:: Data listing ::

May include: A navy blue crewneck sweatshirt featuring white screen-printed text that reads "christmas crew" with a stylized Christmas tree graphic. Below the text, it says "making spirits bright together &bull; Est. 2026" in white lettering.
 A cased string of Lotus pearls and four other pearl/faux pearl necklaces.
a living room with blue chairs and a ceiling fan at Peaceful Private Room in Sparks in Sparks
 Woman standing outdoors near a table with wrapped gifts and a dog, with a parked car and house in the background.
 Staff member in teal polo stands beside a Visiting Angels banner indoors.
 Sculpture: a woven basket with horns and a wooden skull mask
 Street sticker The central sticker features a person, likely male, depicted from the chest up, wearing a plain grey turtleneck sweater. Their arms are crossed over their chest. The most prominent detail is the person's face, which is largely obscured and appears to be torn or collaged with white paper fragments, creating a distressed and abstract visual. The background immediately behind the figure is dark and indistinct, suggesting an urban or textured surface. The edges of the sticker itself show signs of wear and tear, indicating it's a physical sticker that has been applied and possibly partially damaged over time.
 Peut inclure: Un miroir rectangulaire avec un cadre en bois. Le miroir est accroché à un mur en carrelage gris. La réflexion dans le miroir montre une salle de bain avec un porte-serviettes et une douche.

:: Task requirements ::
Your answer should consist of each line of the data above in which the word "blue" occurs.

:: Task response ::
May include: A navy blue crewneck sweatshirt featuring white screen-printed text that reads "christmas crew" with a stylized Christmas tree graphic. Below the text, it says "making spirits bright together &bull; Est. 2026" in white lettering.
a living room with blue chairs and a ceiling fan at Peaceful Private Room in Sparks in Sparks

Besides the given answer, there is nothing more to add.